- Opening Delimiter -

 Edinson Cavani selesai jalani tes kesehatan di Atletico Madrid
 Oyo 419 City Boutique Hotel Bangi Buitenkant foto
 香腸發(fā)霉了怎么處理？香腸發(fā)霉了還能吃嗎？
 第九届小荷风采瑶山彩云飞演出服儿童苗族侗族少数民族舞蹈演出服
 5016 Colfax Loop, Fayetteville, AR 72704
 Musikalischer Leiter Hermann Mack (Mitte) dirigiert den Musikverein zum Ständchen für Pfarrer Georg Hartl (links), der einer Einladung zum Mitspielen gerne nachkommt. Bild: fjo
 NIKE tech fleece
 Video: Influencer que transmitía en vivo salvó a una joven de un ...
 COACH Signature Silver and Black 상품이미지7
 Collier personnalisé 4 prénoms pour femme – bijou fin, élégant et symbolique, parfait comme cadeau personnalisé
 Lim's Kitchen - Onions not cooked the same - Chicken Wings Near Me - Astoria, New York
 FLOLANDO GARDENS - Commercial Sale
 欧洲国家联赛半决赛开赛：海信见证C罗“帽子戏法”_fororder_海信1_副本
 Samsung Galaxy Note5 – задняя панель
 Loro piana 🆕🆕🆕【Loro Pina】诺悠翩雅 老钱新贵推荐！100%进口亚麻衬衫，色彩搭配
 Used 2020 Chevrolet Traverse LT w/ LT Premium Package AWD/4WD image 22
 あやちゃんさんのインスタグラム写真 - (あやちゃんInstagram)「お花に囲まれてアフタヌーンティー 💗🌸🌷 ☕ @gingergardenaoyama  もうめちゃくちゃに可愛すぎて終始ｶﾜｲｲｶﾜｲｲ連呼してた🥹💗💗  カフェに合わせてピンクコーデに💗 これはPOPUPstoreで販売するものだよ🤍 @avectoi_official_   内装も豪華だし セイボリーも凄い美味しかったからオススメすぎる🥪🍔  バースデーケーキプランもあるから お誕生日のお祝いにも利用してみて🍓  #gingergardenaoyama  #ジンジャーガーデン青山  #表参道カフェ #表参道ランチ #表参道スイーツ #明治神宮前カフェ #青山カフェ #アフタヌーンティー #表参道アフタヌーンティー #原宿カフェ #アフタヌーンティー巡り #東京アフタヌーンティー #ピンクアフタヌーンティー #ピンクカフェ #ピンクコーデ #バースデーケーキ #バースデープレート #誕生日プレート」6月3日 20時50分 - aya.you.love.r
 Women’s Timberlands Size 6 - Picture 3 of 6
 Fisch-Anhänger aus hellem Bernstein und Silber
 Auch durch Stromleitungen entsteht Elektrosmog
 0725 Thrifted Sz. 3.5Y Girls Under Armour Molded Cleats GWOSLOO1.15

- Closing Delimiter -

ASSIGNMENT: From the records above, extract exactly and only the lines that begin at the line with "5016 Colfax Loop, Fayetteville, AR 72704" and stop after the line with "Used 2020 Chevrolet".

EXERCISE RESULT:
 5016 Colfax Loop, Fayetteville, AR 72704
 Musikalischer Leiter Hermann Mack (Mitte) dirigiert den Musikverein zum Ständchen für Pfarrer Georg Hartl (links), der einer Einladung zum Mitspielen gerne nachkommt. Bild: fjo
 NIKE tech fleece
 Video: Influencer que transmitía en vivo salvó a una joven de un ...
 COACH Signature Silver and Black 상품이미지7
 Collier personnalisé 4 prénoms pour femme – bijou fin, élégant et symbolique, parfait comme cadeau personnalisé
 Lim's Kitchen - Onions not cooked the same - Chicken Wings Near Me - Astoria, New York
 FLOLANDO GARDENS - Commercial Sale
 欧洲国家联赛半决赛开赛：海信见证C罗“帽子戏法”_fororder_海信1_副本
 Samsung Galaxy Note5 – задняя панель
 Loro piana 🆕🆕🆕【Loro Pina】诺悠翩雅 老钱新贵推荐！100%进口亚麻衬衫，色彩搭配
 Used 2020 Chevrolet Traverse LT w/ LT Premium Package AWD/4WD image 22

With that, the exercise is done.